Smoker Temperature Increase
- After the 4 hours, increase your smoker’s temperature to 275°F. Continue cooking for another 2 to 3 hours, until the bark has formed a crust.
- Change your smoker temperature channel’s settings in the ThermaQ app. Set the high alarm to 280°F (138°C) and the low alarm to 270°F (132°C).
- While the brisket continues to cook, mix together the wrap ingredients in a saucepan and bring to a simmer. Cool to room temperature.
Wrap the Brisket
- Pull the brisket from the smoker and set it on a double layer of heavy-duty aluminum foil large enough to wrap the entire brisket.
- Shape the foil in a border around the brisket to create a barrier so the wrap doesn’t leak out.
- Pour the wrap liquid over the brisket and wrap the brisket tightly in foil, making sure no liquid leaks out.
- Return the brisket to the smoker and continue cooking until the brisket reaches an internal temperature of 203°F (95°C)—2-3 more hours.
- Remove the brisket from the smoker and drain off some of the liquid inside the wrap.
- Cover tightly again in the foil, place in a cooler and rest for at least 1 hour.
Because of the low temperatures of smoking, there is usually little to no carryover cooking experienced during the rest.
Slice and Serve
- Remove brisket from the wrap and slice against the grain.
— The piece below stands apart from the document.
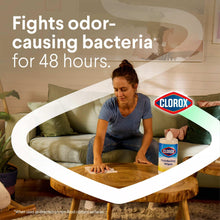 Disinfecting wipes used on a wooden coffee table; fights odor-causing bacteria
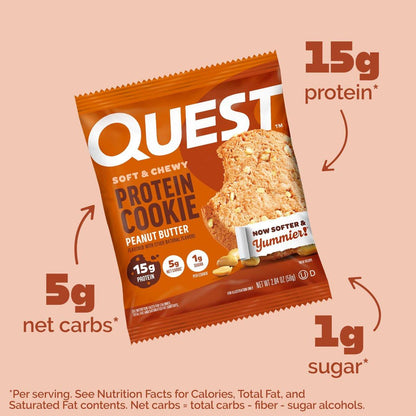 Quest Nutrition Protein Cookie Erdnussbutter – 15 g Protein, 1 g Zucker, 5 g Netto-Kohlenhydrate, keto-freundlich, 4er-Pack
Serve with reserved juices. Enjoy!
We love this recipe from Diva Q’s new book. The brisket has rich, ultra-beefy flavor. Taking the time to inject, rub, spritz, and wrap during the cook with so many flavorful ingredients is worth it! It’s easy to see why this recipe was a competition winner. If a simple, traditional smoked brisket is more your style, see our post, Thermal Tips: Smoked Brisket.
Tracking temperatures like a pro when you’re smoking meat just got a little bit easier. Temperature control is critical when smoking a brisket, and the new ThermaQ Blue and ThermaQ WiFi have you covered.
Shawn Letwin says
Thanks for sharing this stuff…always great articles to read and learn from. Congrats to Diva Q!
Peter Banks says
I own lots of Thermoworks products and am hoping for a Smoke or ThermaQ for Father’s Day. Now, who does your editing?
1. Dry Rub…1/4 what Dried Granulated Onion….. Tablespoon? Cup? Or do I just get an onion, cut it in 4, dry it, and granulate it. (Hmm..what size onion)
2. Wrap….”pour the wrap liquid”…picture shows you also poured the solids. Which is it?
My daughter LOVES brisket..this is a recipe I need to try. Thanks
The granulated onion measurement is 1/4 cup—thank you for the catch!
The wrap ingredients include liquids and solids. They are all brought to a simmer in the saucepan, cooled, then poured over the brisket.
Mike Greer says
I saw this and gave it a try. Exceptional beef flavor and very moist. Not your typical mid-west BBQ, so I’m not sure how it would do in competition outside of Canada. I didn’t use it as my turn in brisket because it cooked a little faster than I thought and probably wouldn’t have judged as well as what I turned in, although the taste was excellent, it was perhaps too tender for competition BBQ. Everyone else loved it, but they aren’t KCBS judges. I’m going to try it again and shorten the cooking time.
Thank you for sharing how your cook went! It sounds like you are an experienced pitmaster—glad you gave it a try.